▶ **Source records**:
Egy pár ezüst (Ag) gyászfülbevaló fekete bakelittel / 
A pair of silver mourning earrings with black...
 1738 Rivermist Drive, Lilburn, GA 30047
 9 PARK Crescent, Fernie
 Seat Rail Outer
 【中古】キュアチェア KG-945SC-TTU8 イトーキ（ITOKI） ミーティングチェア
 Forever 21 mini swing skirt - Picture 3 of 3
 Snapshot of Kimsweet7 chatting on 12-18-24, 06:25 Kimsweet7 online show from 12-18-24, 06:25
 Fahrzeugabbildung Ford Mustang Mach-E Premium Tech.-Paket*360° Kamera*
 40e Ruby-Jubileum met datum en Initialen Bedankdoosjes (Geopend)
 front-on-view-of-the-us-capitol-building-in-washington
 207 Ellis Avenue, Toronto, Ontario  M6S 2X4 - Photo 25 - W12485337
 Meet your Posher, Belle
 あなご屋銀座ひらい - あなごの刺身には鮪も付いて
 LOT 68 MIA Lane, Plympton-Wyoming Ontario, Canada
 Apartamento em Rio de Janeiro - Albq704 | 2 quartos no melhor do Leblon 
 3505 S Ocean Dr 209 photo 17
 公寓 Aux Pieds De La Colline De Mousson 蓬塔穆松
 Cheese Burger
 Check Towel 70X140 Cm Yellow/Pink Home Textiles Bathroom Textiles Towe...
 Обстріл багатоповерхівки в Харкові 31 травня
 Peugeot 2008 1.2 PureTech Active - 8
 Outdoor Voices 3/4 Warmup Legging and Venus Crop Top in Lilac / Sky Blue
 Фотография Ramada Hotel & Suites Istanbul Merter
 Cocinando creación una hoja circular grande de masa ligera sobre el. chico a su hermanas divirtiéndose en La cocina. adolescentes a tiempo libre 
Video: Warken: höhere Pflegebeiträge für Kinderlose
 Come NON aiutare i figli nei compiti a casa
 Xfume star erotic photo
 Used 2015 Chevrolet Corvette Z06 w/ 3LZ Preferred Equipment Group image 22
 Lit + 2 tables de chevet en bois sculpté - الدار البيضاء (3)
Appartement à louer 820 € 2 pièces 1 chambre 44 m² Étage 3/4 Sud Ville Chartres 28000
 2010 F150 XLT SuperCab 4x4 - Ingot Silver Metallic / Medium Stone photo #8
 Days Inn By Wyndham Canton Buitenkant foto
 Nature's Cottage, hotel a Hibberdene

▶ **What to produce**: Check every line above for the string "Ontario", and copy the ones that have it.

▶ **Exercise result**:
 207 Ellis Avenue, Toronto, Ontario  M6S 2X4 - Photo 25 - W12485337
 LOT 68 MIA Lane, Plympton-Wyoming Ontario, Canada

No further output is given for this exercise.